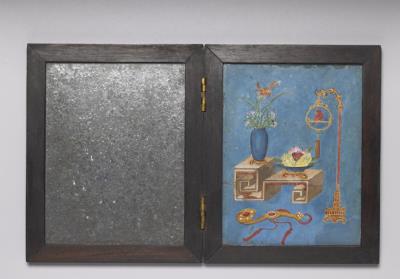 图片[3]-Glass mirror with Chinese rosewood frame and carved boxwood inset.-China Archive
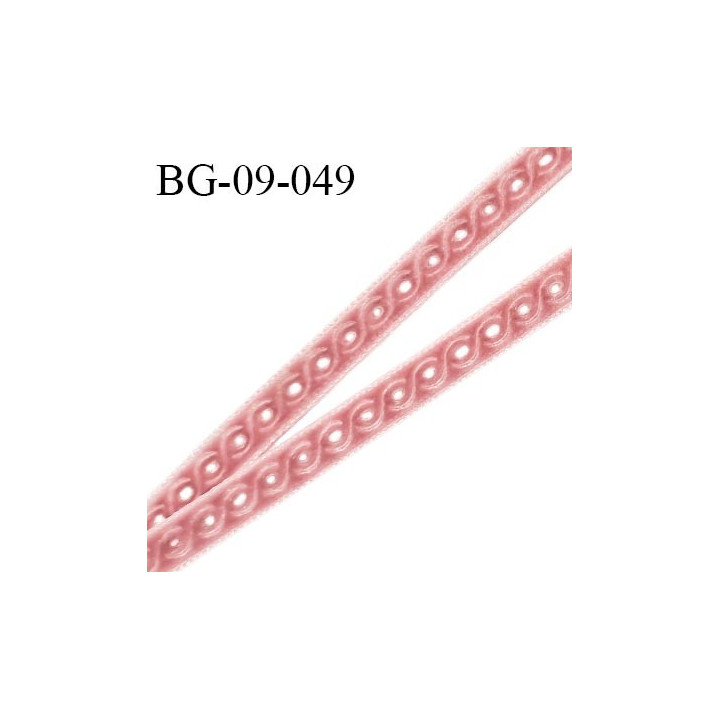 Galon ruban velours ajouré  9 mm couleur vieux rose largeur 9 mm prix au mètre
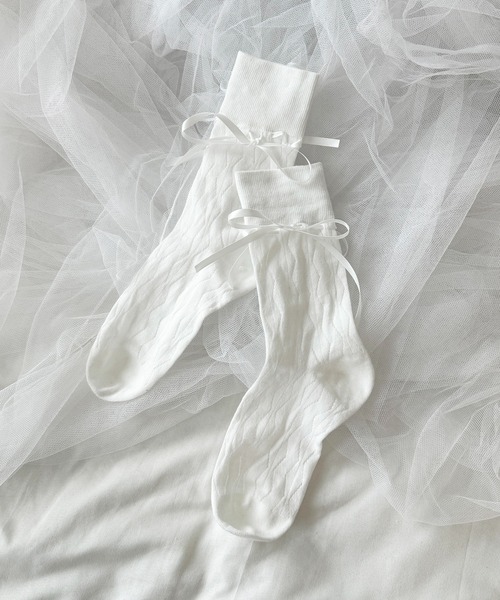 apres jour（アプレジュール）の「【apres jour×ARIAZ】リボン付きソックス（ソックス/靴下・レディース・ブラック/ホワイト/アイボリー・FREE）」の4枚目の写真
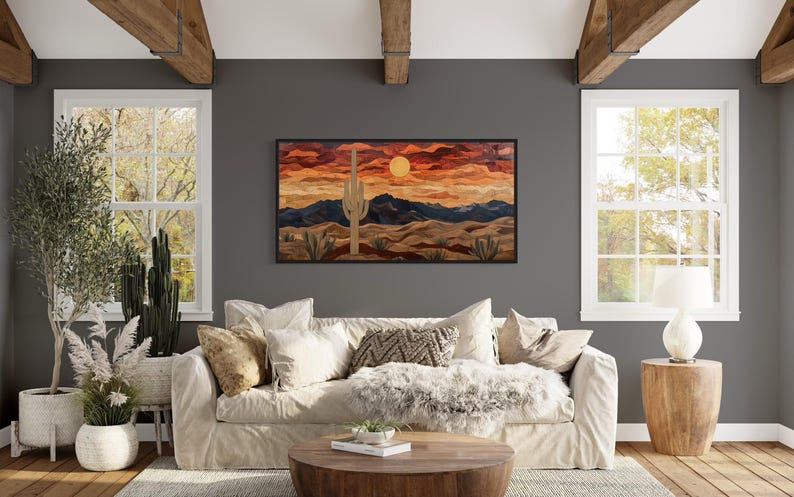 Rustic Desert Wall Art - Wood Style Southwestern Landscape Painting ...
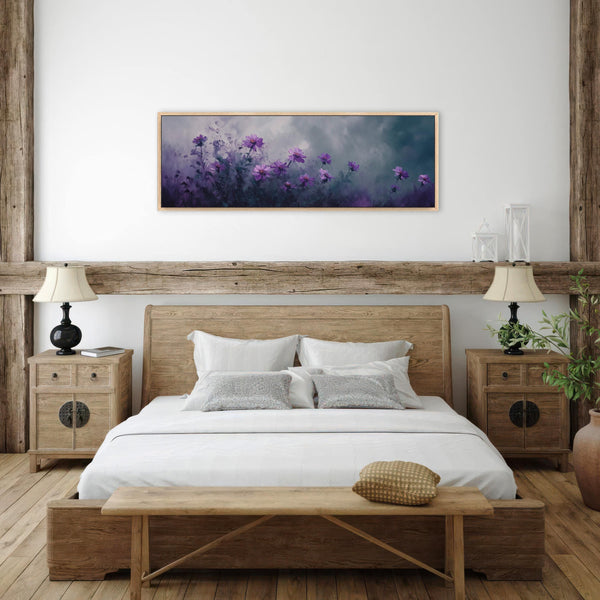 Aster Flower Wide Art Print - Moody Canvas Art - View 2
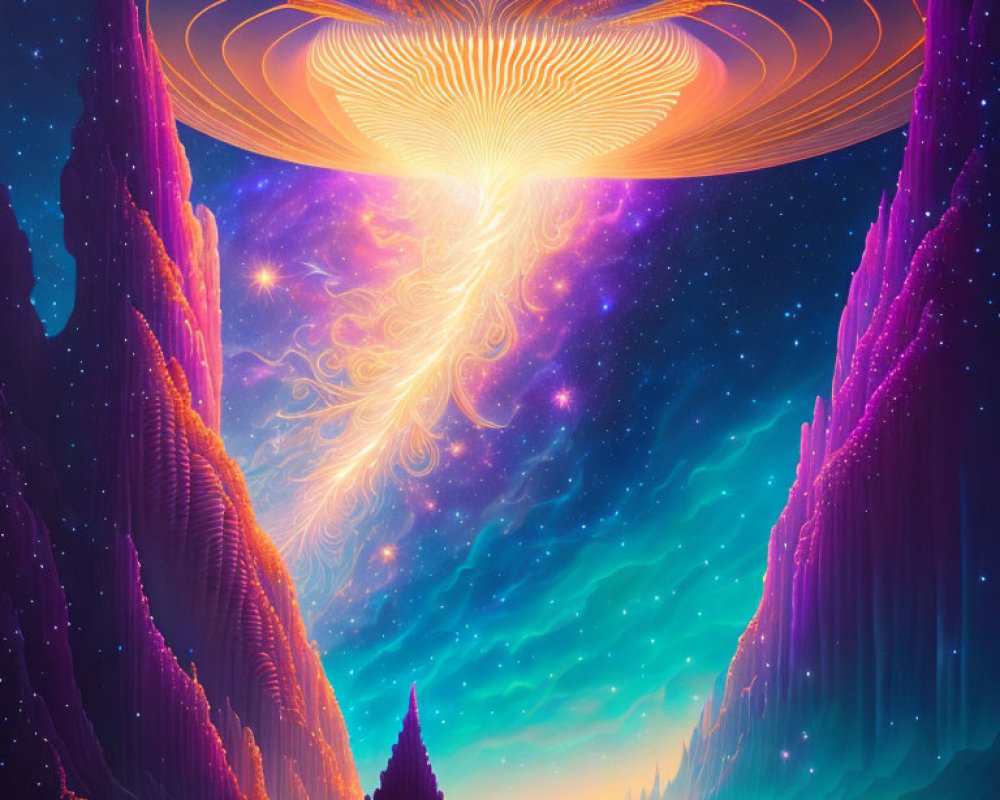 Vibrant sci-fi landscape with glowing celestial event and towering cliffs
..........
▸ **What to produce**:
All records, pictures excluded: copy them exactly.

▸ **Task solution**:
 图片[3]-Glass mirror with Chinese rosewood frame and carved boxwood inset.-China Archive
 Galon ruban velours ajouré  9 mm couleur vieux rose largeur 9 mm prix au mètre
 apres jour（アプレジュール）の「【apres jour×ARIAZ】リボン付きソックス（ソックス/靴下・レディース・ブラック/ホワイト/アイボリー・FREE）」の4枚目の写真
 Rustic Desert Wall Art - Wood Style Southwestern Landscape Painting ...
 Aster Flower Wide Art Print - Moody Canvas Art - View 2
 Vibrant sci-fi landscape with glowing celestial event and towering cliffs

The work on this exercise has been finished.